Using the data that follows, return exactly the lines from the one that contains "A Knight of" through the one that contains "Pendentif rectangle en quartz rose", ends included.
• • • •
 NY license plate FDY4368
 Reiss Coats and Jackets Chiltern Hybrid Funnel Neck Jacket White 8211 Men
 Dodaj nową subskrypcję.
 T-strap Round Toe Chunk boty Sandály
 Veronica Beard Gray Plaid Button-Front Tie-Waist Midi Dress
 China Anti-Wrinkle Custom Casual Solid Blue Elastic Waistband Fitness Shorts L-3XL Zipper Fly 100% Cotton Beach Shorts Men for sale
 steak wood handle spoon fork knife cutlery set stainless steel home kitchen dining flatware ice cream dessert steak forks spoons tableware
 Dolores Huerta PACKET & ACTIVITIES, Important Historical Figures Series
• • • •
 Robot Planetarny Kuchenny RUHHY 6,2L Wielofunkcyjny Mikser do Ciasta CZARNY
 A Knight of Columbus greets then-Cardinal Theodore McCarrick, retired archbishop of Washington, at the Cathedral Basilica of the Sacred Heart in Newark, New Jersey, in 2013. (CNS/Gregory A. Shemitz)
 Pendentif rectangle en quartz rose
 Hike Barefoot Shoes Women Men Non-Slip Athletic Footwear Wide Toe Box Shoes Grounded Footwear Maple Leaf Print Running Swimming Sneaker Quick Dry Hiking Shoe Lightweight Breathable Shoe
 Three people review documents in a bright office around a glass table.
• • • •
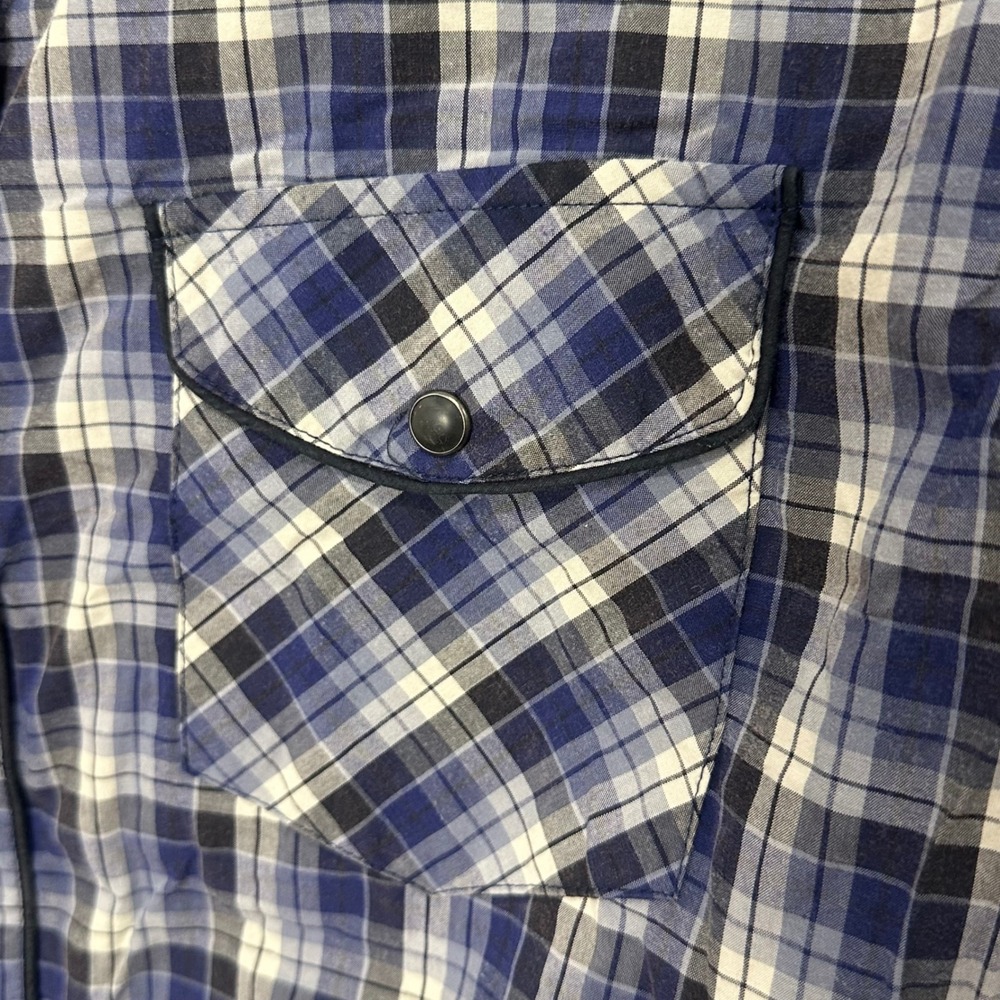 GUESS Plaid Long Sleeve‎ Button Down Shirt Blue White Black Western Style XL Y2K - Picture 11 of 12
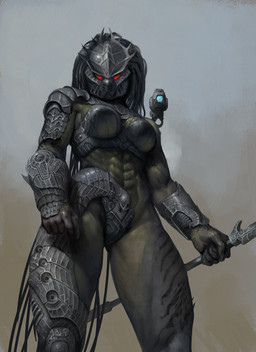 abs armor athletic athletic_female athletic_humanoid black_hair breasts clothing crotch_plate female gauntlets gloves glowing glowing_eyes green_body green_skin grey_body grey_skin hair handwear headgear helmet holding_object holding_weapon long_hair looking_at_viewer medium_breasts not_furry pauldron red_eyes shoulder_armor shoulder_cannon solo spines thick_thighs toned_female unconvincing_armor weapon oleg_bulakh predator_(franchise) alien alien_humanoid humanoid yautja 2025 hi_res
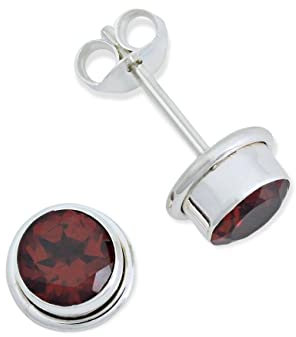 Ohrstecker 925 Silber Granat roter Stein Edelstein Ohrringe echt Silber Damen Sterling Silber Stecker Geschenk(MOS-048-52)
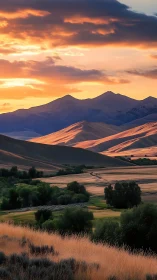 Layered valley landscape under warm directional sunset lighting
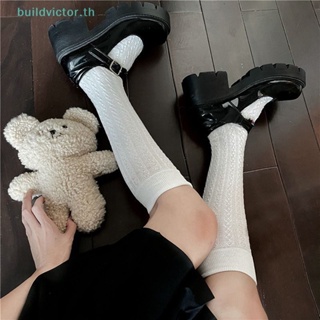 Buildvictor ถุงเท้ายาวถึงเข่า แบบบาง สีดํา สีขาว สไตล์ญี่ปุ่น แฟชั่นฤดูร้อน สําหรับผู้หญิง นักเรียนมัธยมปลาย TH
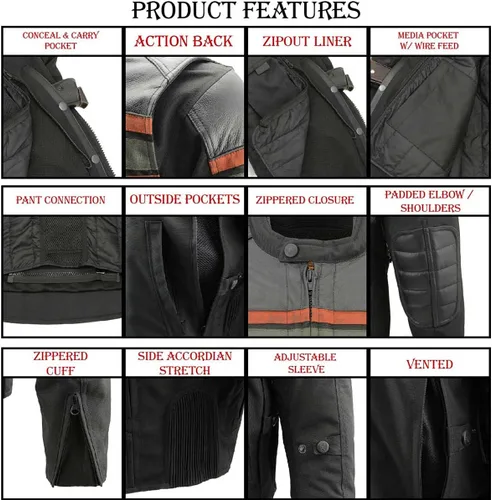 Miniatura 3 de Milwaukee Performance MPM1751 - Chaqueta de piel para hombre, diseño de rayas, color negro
• • • •
**OUTPUT BELOW:**
 A Knight of Columbus greets then-Cardinal Theodore McCarrick, retired archbishop of Washington, at the Cathedral Basilica of the Sacred Heart in Newark, New Jersey, in 2013. (CNS/Gregory A. Shemitz)
 Pendentif rectangle en quartz rose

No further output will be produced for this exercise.